Later, in 1883, he made his only truly scientific contribution when he discovered the "Edison effect." He showed that his incandescent lamp could act as a valve admitting negative electricity but rejecting positive. Ironically, he abandoned the discovery because, as an inventor, he saw no practical use for it. Later, his find became the basis for the vacuum tube so important to the development of radio and television transmission and reception.

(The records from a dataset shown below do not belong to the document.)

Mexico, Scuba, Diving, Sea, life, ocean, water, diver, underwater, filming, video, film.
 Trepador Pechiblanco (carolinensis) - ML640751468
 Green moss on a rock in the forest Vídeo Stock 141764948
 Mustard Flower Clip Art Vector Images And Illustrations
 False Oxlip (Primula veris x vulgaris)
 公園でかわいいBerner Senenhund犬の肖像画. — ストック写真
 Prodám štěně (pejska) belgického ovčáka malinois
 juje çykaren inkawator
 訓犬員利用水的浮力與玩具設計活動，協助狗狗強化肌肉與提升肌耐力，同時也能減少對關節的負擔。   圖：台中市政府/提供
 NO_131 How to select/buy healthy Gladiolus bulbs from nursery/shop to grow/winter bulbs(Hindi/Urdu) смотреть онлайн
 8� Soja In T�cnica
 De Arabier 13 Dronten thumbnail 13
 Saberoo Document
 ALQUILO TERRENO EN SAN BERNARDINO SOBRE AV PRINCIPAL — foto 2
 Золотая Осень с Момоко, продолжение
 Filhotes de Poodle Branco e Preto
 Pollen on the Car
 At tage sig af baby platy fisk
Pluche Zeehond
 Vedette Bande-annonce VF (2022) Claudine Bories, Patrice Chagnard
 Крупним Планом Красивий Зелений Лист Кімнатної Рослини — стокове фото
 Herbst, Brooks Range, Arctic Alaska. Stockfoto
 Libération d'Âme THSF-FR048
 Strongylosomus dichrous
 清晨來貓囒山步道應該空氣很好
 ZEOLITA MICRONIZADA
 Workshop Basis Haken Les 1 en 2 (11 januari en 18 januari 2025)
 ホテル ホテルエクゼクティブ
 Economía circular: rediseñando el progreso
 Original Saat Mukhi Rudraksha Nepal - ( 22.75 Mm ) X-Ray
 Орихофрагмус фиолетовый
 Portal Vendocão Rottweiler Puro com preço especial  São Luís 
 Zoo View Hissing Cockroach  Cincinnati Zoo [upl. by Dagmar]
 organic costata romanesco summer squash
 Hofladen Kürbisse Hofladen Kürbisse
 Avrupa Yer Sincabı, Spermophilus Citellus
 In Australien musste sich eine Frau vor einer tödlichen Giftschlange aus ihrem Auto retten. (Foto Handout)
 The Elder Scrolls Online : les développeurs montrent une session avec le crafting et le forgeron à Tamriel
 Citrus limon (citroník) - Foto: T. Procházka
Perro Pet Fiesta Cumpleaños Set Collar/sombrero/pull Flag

Edison moved his laboratory to West Orange, N.J., in 1887, In 1891, he invented a "kinetoscope," a device for showing photographs in rapid succession to give the illusion of a moving picture. It was not a motion picture projector in the modern sense, for it utilized neither projector nor screen. It remained for Thomas Armat to devise a machine capable of projecting a picture from film onto a screen in 1895. Edison only acquired the patent to Armat's invention and improved it. He also used the projector in the first commercial showing of motion pictures on 23 April 1896 in New York City. Seventeen years later, he demonstrated a method of synchronizing sound with motion pictures and laid the foundation for sound movies.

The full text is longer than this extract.